[V7] thermal/core/power_allocator: avoid thermal cdev can not be reset

Message ID 20240110115526.30776-1-di.shen@unisoc.com
State New
Headers
Series [V7] thermal/core/power_allocator: avoid thermal cdev can not be reset |

Commit Message

Di Shen Jan. 10, 2024, 11:55 a.m. UTC
  Commit 0952177f2a1f ("thermal/core/power_allocator: Update once
cooling devices when temp is low") adds an update flag to avoid
the thermal event is triggered when there is no need, and
thermal cdev would be updated once when temperature is low.
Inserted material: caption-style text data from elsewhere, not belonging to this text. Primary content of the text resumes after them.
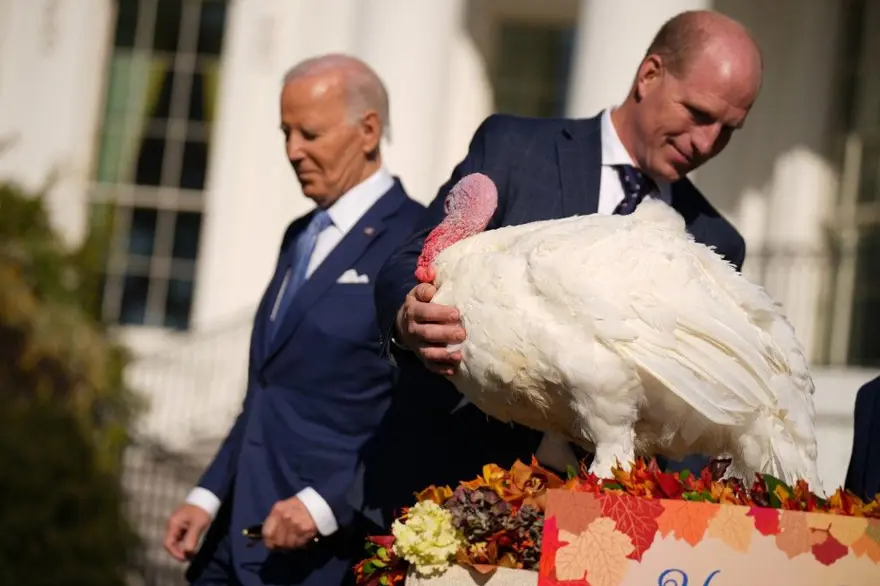 "HAYATIMIN ONURUYDU" 1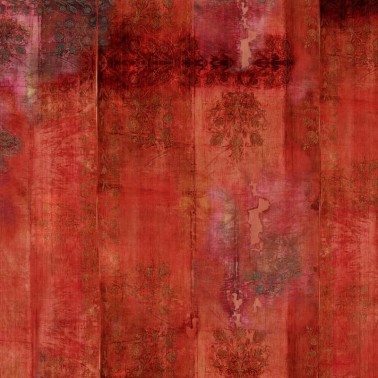 Papier peint Rigoletto GLBO121A - GLAMORA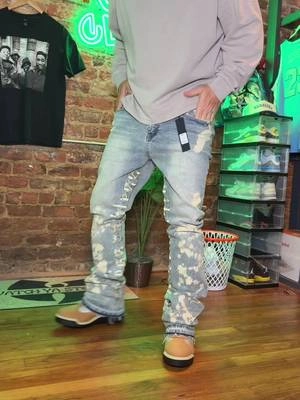 #flarejeans #jeans #streetwear #mensfashion #memorialday 
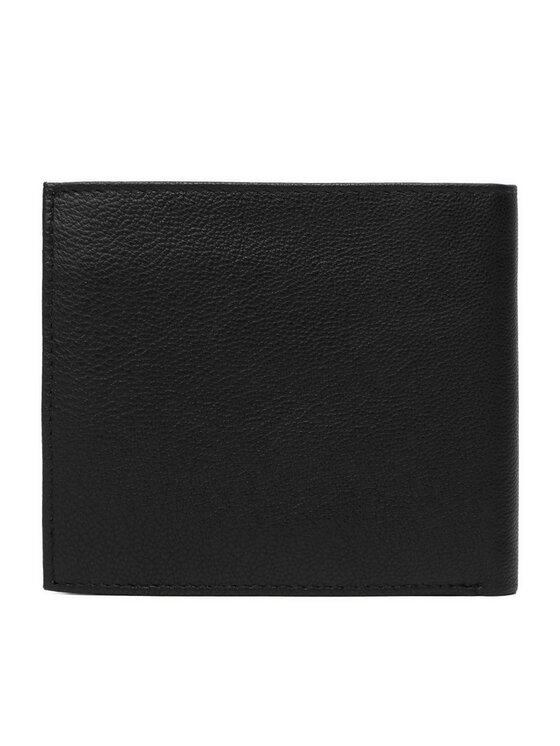 G-Star Raw G-Star Raw Гаманець HP-LEO-1-GOAT Чорний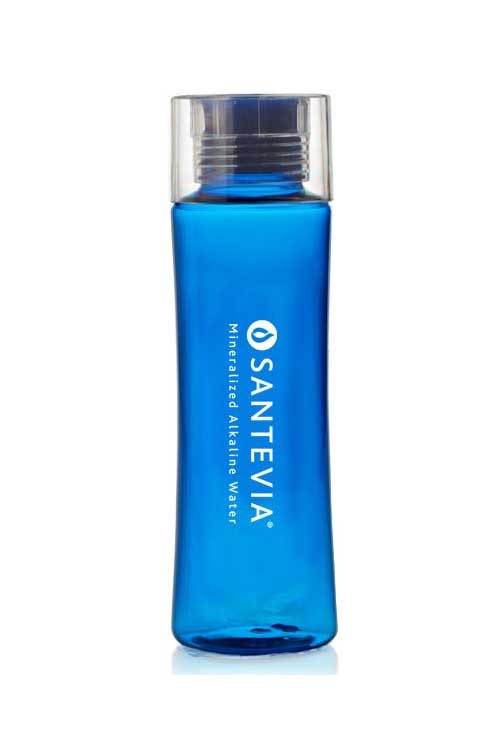 Santevia Tritan™ Bottle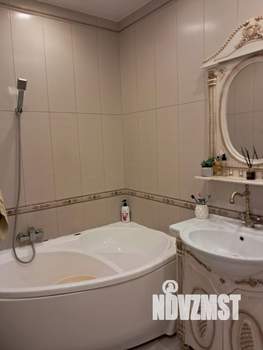 2-к квартира, вторичка, 65м2, 4/5 этаж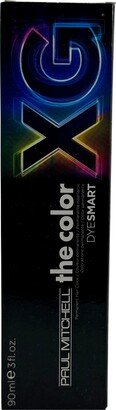 The Color XG 9V 9/6 DyeSmart Permanent Hair Color 3 OZ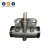 煞車分泵 44100-90217 Truck Brake Parts For Nissan CW520
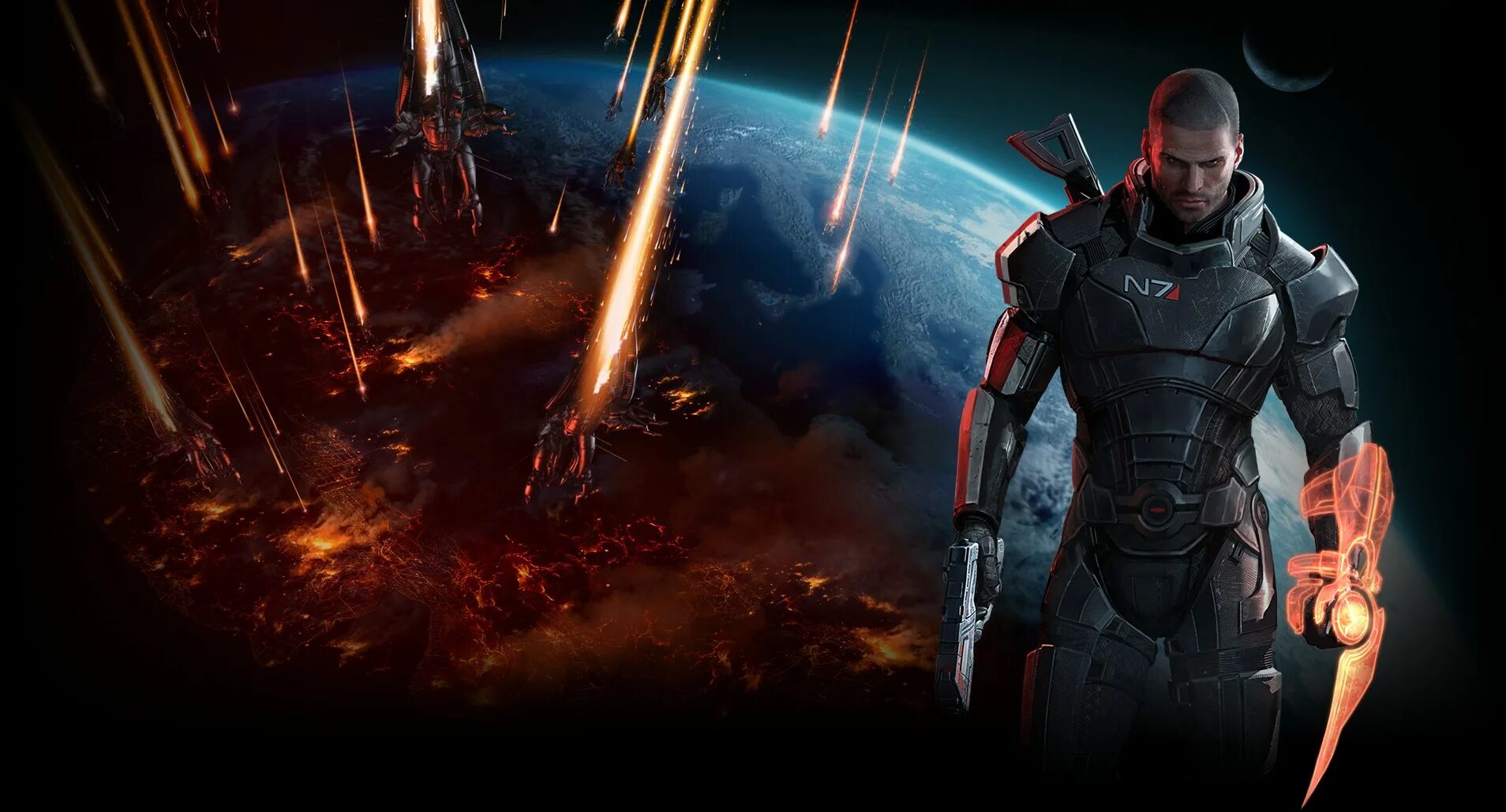 Бездна шрайка протеанский обелиск mass effect 3. Бездна шрайка mass effect. Mass effect 3 обелиск. Бездна шрайка протеанский обелиск mass effect 3. Mass effect 3 обелиск.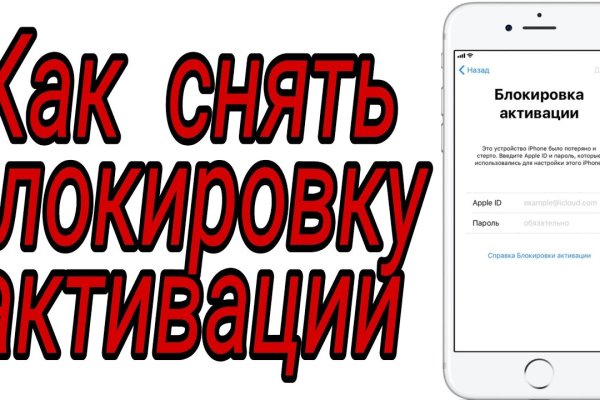Полезные сайты тор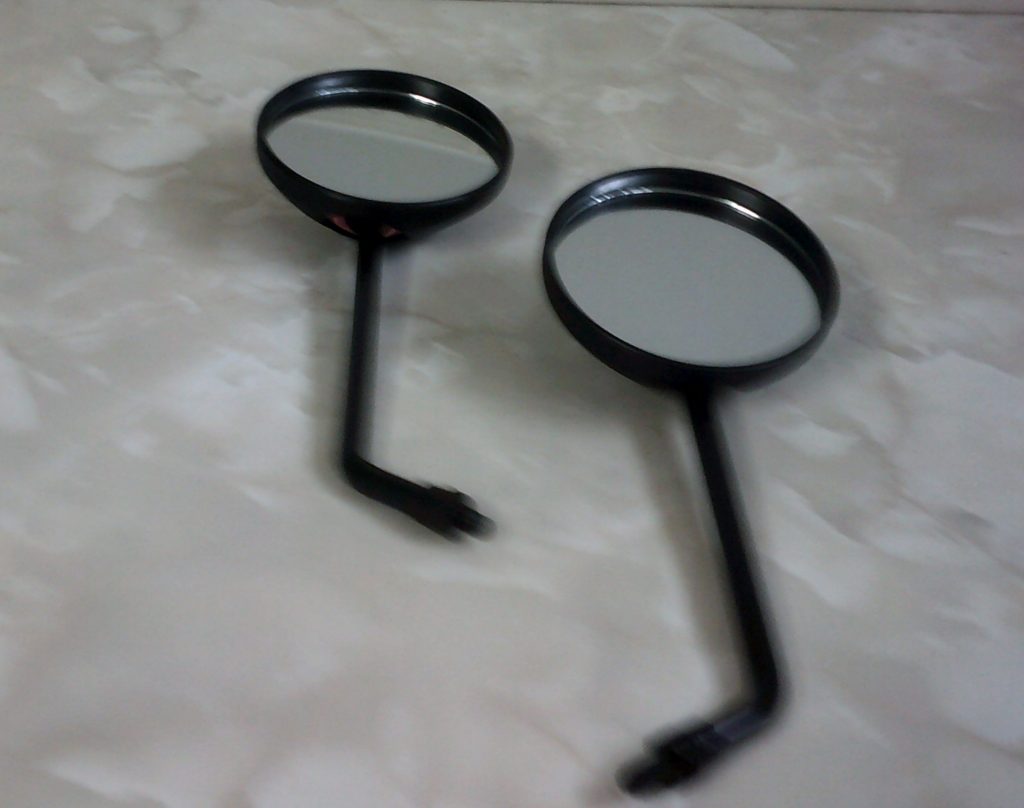 DSCF0020.jpg
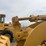 caterpillar-950g-image-22
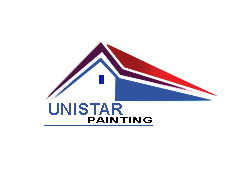 Unistar Painting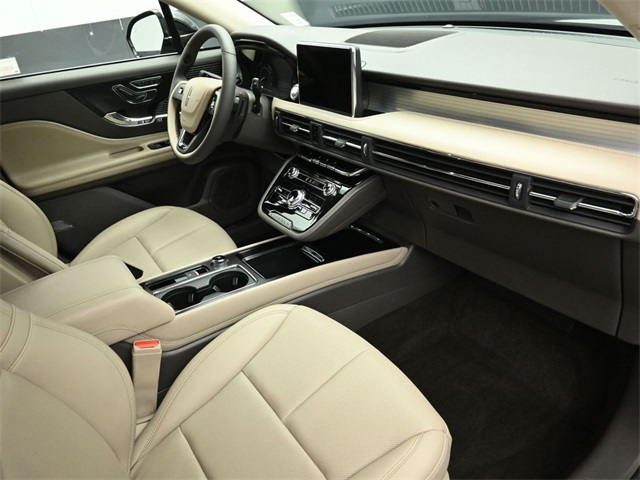 2022 LINCOLN CORSAIR - Image 27
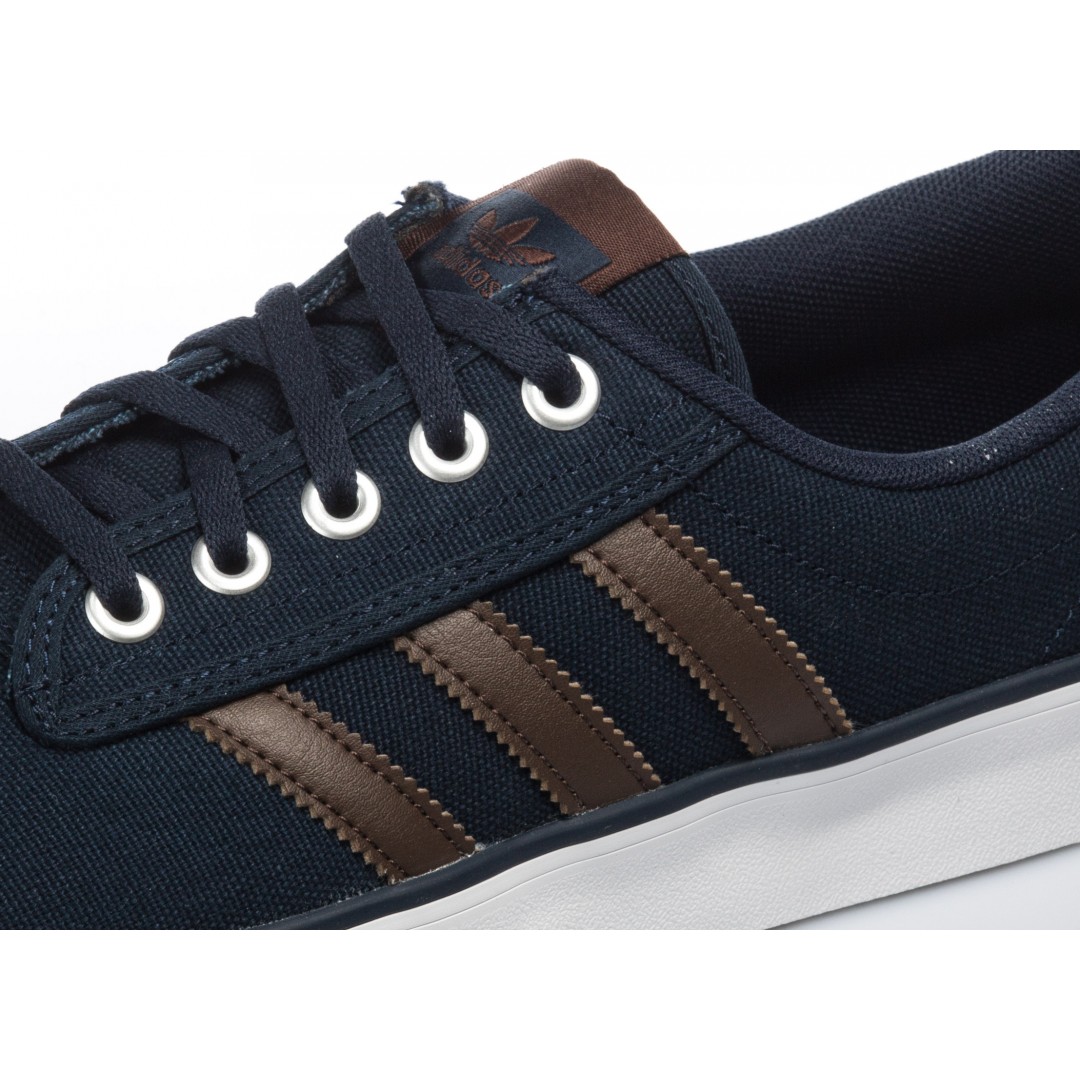 adidas Originals KIEL CQ1089 Blue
But when the trips are writable, and switch_on_temp is set
to be a higher value, the cooling device state may not be
reset to 0, because last_temperature is smaller than the
switch_on_temp.

For example:
First:
switch_on_temp=70 control_temp=85;
Then userspace change the trip_temp:
switch_on_temp=45 control_temp=55 cur_temp=54

Then userspace reset the trip_temp:
switch_on_temp=70 control_temp=85 cur_temp=57 last_temp=54

At this time, the cooling device state should be reset to 0.
However, because cur_temp(57) < switch_on_temp(70)
last_temp(54) < switch_on_temp(70)  ---->  update = false,
update is false, the cooling device state can not be reset.

Considering tz->passive can also be represented the temperature
status, this patch modifies the update flag with tz->passive.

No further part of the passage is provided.